Many separating spouses want one clear answer to spousal support: how much might be payable, for how long, and based on what formula? In Ontario, the answer is rarely a single number. Spousal support is usually assessed through a combination of legal entitlement, financial disclosure, and the SSAG, which provide ranges rather than guaranteed outcomes. The analysis can change significantly when child support is involved, and small differences in income, relationship length, parenting arrangements, or existing agreements can materially affect the result. Before relying on a rough calculator or informal advice, it helps to understand what the SSAG actually do, what they do not do, and how Ontario support cases are commonly assessed in practice.

Legal disclaimer: This article provides general legal information for Ontario readers and is not legal advice. Spousal support outcomes depend on the facts, the governing statute, the evidence, and the wording of any agreement or court order.

Quick Start: Pick Your Path

Married and separating or divorcing:

  • Check whether support will be addressed through negotiation, a court application, or both under the Divorce Act.

Common-law and separating:

  • Check whether you meet Ontario’s support definition of “spouse,” usually three years of cohabitation or a relationship of some permanence with a child.

Paying support already:

  • Do not reduce or stop payments on your own because a court order or enforceable agreement usually continues until changed.

Seeking temporary help now:

  • Interim support may be available before the case is finally resolved.

Trying to settle without court:

  • The SSAG are often used in negotiations, but full financial disclosure still matters.

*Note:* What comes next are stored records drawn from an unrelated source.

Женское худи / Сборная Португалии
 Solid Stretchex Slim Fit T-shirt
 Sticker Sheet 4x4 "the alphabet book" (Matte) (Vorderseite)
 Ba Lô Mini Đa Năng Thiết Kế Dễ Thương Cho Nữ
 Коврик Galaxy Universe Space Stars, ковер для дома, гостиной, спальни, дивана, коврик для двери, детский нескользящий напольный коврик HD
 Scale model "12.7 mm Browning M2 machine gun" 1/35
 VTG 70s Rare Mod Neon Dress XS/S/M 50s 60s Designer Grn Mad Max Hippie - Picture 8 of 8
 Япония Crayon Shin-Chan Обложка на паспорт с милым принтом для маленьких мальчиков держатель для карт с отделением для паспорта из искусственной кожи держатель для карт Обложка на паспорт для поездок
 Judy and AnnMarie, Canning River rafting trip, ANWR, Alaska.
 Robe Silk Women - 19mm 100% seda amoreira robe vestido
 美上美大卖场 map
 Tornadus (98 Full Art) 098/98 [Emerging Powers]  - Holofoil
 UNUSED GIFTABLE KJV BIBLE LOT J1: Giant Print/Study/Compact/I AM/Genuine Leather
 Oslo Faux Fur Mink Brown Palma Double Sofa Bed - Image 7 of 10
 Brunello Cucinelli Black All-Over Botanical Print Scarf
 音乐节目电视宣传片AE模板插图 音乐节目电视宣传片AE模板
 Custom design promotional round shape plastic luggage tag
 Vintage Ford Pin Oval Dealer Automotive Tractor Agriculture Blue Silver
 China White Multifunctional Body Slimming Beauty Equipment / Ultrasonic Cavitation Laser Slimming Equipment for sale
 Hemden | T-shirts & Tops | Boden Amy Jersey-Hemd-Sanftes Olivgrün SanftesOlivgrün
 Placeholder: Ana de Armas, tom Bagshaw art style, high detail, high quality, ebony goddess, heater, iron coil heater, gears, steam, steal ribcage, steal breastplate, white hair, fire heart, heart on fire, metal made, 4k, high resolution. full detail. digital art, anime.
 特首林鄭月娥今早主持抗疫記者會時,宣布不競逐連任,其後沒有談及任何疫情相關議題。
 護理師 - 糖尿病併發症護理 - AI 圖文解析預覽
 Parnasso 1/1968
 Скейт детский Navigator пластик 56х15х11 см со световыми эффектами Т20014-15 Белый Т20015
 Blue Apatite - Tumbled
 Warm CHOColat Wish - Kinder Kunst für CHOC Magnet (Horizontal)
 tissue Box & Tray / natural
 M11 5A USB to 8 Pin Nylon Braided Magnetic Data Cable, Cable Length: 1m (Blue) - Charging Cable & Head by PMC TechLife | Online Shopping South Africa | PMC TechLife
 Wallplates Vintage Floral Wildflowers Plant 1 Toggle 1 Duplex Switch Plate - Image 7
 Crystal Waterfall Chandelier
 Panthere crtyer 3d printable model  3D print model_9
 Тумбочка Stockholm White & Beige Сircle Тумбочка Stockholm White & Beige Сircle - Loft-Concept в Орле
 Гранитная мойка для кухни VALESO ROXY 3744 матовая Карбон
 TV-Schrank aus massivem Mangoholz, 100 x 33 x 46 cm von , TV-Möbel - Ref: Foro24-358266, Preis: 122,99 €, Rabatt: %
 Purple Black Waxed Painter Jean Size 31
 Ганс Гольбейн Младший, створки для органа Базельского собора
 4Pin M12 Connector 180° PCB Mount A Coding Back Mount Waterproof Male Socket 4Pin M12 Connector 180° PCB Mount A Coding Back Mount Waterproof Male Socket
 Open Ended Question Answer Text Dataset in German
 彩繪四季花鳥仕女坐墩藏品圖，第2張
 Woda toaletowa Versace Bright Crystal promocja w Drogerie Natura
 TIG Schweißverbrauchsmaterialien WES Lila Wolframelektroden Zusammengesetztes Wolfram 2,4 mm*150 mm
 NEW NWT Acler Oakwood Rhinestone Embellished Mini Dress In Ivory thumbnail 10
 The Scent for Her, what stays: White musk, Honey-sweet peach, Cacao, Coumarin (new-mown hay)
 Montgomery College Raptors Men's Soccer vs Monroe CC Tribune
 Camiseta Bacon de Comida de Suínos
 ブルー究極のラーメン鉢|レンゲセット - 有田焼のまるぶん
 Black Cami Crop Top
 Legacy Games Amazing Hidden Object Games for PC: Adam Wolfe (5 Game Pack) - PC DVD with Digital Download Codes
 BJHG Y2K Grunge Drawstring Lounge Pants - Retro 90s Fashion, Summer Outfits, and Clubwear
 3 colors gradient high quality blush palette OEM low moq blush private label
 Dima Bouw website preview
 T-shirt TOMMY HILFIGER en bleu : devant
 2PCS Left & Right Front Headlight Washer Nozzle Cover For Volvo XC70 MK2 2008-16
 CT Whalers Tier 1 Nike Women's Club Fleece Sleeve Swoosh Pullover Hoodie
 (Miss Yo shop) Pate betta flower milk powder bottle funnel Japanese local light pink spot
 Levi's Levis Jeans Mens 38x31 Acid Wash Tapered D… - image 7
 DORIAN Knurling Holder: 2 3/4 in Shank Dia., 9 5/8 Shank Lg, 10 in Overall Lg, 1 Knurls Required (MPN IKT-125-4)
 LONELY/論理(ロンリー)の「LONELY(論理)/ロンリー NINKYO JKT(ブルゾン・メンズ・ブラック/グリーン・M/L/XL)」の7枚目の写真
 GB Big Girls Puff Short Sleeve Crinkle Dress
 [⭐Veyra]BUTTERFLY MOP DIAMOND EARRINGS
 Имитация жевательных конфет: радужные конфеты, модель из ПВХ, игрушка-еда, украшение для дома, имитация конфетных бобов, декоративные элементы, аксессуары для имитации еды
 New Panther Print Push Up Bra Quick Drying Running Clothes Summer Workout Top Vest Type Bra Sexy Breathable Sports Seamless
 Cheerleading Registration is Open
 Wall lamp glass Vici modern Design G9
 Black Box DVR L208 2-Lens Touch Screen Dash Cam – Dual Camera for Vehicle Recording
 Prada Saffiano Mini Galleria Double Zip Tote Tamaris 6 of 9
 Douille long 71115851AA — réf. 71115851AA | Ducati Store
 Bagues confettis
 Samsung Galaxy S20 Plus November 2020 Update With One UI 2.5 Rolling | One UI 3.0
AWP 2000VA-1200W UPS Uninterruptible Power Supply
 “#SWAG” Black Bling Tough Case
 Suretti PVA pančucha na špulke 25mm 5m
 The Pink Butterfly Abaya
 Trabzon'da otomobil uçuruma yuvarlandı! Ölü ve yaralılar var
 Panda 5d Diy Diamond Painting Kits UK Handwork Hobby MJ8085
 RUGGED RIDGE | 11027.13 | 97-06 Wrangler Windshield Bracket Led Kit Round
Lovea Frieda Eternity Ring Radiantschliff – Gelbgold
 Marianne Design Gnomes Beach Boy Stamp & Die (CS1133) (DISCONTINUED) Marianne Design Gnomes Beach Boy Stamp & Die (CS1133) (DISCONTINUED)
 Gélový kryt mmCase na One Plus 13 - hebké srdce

How is Spousal Support Calculated in Ontario?

In Ontario, spousal support is usually calculated by first deciding entitlement and then using the SSAG to estimate a range for amount and duration. The formula changes depending on whether child support is being paid. The result is usually a range, not one mandatory number.

The legal starting point is the statute, not the calculator. Under the Divorce Act, a court may make a spousal support order and must consider the spouses’ condition, means, needs, and circumstances. The Act also lists objectives such as recognizing economic advantages or disadvantages arising from the marriage or its breakdown, relieving economic hardship, and promoting self-sufficiency where practicable. The SSAG then help estimate what a reasonable support range may look like after entitlement has been established. They do not decide whether support is owed in the first place. That distinction matters because a plausible SSAG number does not, by itself, create a right to support.

Issue

Without child support

With child support

Main income
measure

Gross income
difference

Individual
net disposable income

Typical
amount structure

Percentage of
gross income difference per year of relationship

Recipient
generally left with 40% to 46% of combined INDI

Duration
focus

Relationship
length, including Rule of 65

Relationship
length and child-related factors

Child support
priority

Not in play

Child support
takes priority

This is why two cases with similar incomes can still produce different support ranges if one case includes dependent children and the other does not.

Who Can Claim for Spousal Support in Ontario?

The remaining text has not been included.